Hunters and sportsmen groups are speaking out against the Biden administration’s Thursday announcement regarding the advancement of prohibitions on equipment used by hunters and fishermen on federal refuges.
According to Fox News, the U.S. Fish and Wildlife Service (FWS) recently unveiled its hunting and fishing rule for the 2023-2024 season. Included in the annual regulation plan is a ban against cost-effective lead fishing tackle and ammunition on eight wildlife refuges by 2026. Fox News reported that while environmental groups support the new regulation, hunters argue that the government’s action could become a “backdoor attack” on hunting in the United States.
“This is the latest example of the U.S. Fish and Wildlife Service creating rules that punish hunters, threaten conservation funding and advance special interests without sound scientific evidence that traditional lead ammunition cause is causing detrimental wildlife population impacts,” Lawrence Keane, the senior vice president of the National Shooting Sports Foundation, said.
Keane argues the Biden administration is “ignoring its promise” to “follow the science” in an effort to implement an agenda that is “anti-gun and anti-hunting.”
As of Sept. 1, 2026, the Fish and Wildlife Service will prohibit hunters and fishermen from using lead ammunition and tackle on federal refuges in Blackwater, Maryland; Eastern Neck, Maryland, Erie, Pennsylvania; Wallops Island Nation, Virginia; Rachel Carson, Maine; Chincoteague, Virginia; Patuxent Research Refuge, Maryland; and Great Thicket, Massachusetts.
Fox News reported that hunting groups have asked Congress to pass the Protecting Access for Hunters and Anglers Act, which was introduced in April by Sen. Steve Daines (R-Mont.) and 22 other Republicans. The proposed legislation would prevent the Fish and Wildlife Service from instituting bans on lead ammunition and tackle unless the “best available science” provided evidence in support of a lead ban.
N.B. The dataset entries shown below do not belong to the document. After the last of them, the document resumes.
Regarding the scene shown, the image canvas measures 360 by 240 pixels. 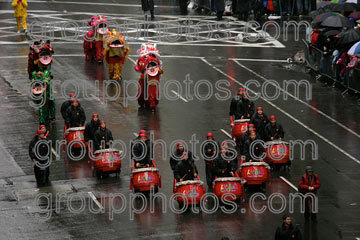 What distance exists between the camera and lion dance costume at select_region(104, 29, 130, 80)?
125 feet

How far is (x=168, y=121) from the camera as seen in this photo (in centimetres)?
3362

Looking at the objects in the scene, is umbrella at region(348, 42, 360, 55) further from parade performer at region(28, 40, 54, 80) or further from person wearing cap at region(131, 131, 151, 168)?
person wearing cap at region(131, 131, 151, 168)

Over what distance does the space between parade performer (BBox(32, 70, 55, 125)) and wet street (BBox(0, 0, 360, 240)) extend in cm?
46

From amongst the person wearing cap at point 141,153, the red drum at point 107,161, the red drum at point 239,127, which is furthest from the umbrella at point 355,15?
the person wearing cap at point 141,153

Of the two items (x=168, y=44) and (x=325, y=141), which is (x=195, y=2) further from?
(x=325, y=141)

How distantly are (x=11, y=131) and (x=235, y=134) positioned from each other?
769 cm

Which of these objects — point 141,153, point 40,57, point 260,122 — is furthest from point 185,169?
point 40,57

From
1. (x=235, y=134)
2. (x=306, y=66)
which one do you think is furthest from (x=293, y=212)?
(x=306, y=66)

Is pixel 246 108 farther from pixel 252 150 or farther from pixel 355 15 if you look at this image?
pixel 355 15

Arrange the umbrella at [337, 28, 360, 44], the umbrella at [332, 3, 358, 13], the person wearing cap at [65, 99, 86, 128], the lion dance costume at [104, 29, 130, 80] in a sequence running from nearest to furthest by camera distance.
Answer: the person wearing cap at [65, 99, 86, 128], the umbrella at [337, 28, 360, 44], the lion dance costume at [104, 29, 130, 80], the umbrella at [332, 3, 358, 13]

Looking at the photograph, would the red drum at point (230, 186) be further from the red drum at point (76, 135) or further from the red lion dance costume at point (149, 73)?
the red lion dance costume at point (149, 73)

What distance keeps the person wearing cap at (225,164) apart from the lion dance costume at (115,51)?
1318 cm

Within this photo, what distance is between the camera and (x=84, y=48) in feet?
140

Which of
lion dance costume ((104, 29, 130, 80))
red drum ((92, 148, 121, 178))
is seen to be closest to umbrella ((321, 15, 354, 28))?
lion dance costume ((104, 29, 130, 80)) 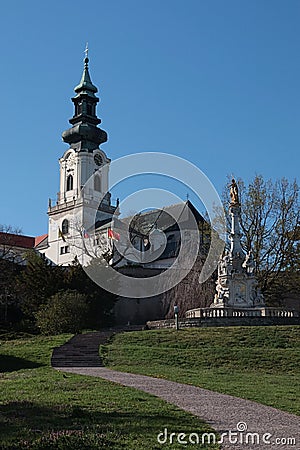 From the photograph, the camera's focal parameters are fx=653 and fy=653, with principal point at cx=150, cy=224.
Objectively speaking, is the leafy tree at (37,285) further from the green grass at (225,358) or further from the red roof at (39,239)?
the red roof at (39,239)

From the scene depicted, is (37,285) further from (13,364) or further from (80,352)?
(13,364)

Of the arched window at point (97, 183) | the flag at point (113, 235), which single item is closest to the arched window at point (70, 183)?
the arched window at point (97, 183)

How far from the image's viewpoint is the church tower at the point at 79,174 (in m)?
74.9

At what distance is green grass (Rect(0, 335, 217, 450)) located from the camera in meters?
8.63

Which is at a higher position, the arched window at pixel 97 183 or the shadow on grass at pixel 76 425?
the arched window at pixel 97 183

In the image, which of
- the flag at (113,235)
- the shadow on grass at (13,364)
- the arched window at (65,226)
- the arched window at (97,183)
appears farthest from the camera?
the arched window at (97,183)

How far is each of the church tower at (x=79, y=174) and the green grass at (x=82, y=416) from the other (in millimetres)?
58308

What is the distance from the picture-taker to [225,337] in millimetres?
28891

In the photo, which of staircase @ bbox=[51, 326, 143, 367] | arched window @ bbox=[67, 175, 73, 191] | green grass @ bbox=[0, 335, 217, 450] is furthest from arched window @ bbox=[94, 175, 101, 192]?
green grass @ bbox=[0, 335, 217, 450]

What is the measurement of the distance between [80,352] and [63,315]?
11.6 meters

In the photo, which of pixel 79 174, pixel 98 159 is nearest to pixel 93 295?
pixel 79 174

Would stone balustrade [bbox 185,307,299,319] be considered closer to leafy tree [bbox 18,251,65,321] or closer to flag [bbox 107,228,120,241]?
leafy tree [bbox 18,251,65,321]

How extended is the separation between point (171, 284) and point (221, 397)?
3335 centimetres

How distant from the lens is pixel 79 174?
75.9 m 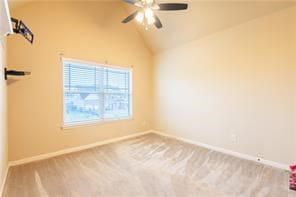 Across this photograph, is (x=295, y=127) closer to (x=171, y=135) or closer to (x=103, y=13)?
(x=171, y=135)

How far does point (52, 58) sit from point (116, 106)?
1922 mm

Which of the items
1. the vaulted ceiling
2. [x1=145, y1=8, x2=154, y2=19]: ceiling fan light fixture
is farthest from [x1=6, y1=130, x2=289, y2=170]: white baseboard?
[x1=145, y1=8, x2=154, y2=19]: ceiling fan light fixture

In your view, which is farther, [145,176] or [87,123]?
[87,123]

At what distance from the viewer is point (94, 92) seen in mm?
4340

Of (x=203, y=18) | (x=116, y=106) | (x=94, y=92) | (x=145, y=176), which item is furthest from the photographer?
(x=116, y=106)

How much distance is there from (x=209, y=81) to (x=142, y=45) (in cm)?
221

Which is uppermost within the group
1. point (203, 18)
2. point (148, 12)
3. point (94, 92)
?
point (203, 18)

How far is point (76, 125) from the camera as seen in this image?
3.92m

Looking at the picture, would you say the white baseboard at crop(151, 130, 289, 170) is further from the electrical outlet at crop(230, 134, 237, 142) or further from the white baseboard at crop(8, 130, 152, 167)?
the white baseboard at crop(8, 130, 152, 167)

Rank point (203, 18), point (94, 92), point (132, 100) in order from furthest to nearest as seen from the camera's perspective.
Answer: point (132, 100)
point (94, 92)
point (203, 18)

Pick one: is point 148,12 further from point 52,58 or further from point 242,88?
point 242,88

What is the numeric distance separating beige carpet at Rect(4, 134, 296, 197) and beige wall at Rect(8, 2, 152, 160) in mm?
419

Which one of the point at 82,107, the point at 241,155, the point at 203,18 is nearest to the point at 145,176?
the point at 241,155

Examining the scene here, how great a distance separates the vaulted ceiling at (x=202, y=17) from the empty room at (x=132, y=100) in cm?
2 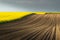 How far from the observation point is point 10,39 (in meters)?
10.0

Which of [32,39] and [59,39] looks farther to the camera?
[59,39]

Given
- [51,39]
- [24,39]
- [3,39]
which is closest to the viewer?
[3,39]

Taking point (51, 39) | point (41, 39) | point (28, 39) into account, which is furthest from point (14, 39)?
point (51, 39)

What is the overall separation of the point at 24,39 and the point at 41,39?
1.15 metres

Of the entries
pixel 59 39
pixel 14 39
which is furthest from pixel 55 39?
pixel 14 39

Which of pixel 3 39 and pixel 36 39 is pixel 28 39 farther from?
pixel 3 39

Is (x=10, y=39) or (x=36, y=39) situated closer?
(x=10, y=39)

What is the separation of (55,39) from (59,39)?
0.29 metres

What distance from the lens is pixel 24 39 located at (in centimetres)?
1052

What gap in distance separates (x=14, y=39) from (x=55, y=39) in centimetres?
284

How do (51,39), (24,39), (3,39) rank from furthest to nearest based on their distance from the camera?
(51,39)
(24,39)
(3,39)

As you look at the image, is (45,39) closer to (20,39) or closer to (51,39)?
(51,39)

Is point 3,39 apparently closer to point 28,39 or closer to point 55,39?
point 28,39

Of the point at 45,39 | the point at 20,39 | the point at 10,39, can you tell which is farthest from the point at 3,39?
the point at 45,39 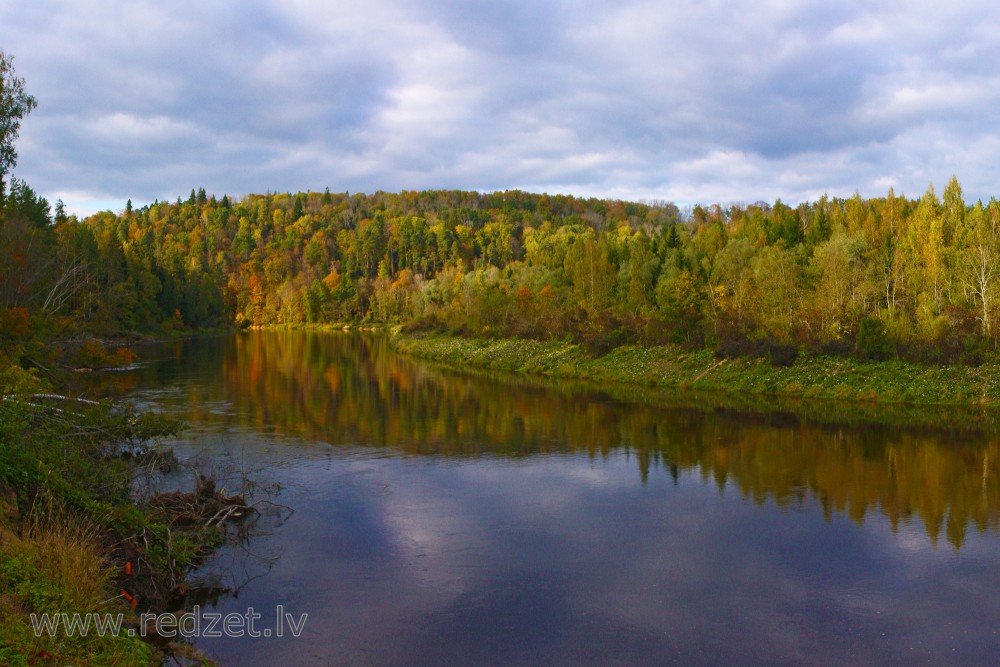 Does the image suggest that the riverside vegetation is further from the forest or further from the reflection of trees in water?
the reflection of trees in water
“Today’s Fish and Wildlife Service proposed rule shows that the Biden administration seeks credit for ‘expanding’ hunting and fishing access on public land while the lead ammunition and tackle bans threaten the exact opposite outcome,” Benjamin Cassidy, executive vice president for international government and public affairs at Safari Club International, said.
Cassidy explained that banning lead ammunition and tackle creates “substantial cost barriers” for men and women across the nation who are involved in hunting or fishing. He believes the Biden administration’s new regulation is “preventing Americans from hunting and fishing” on “public lands.”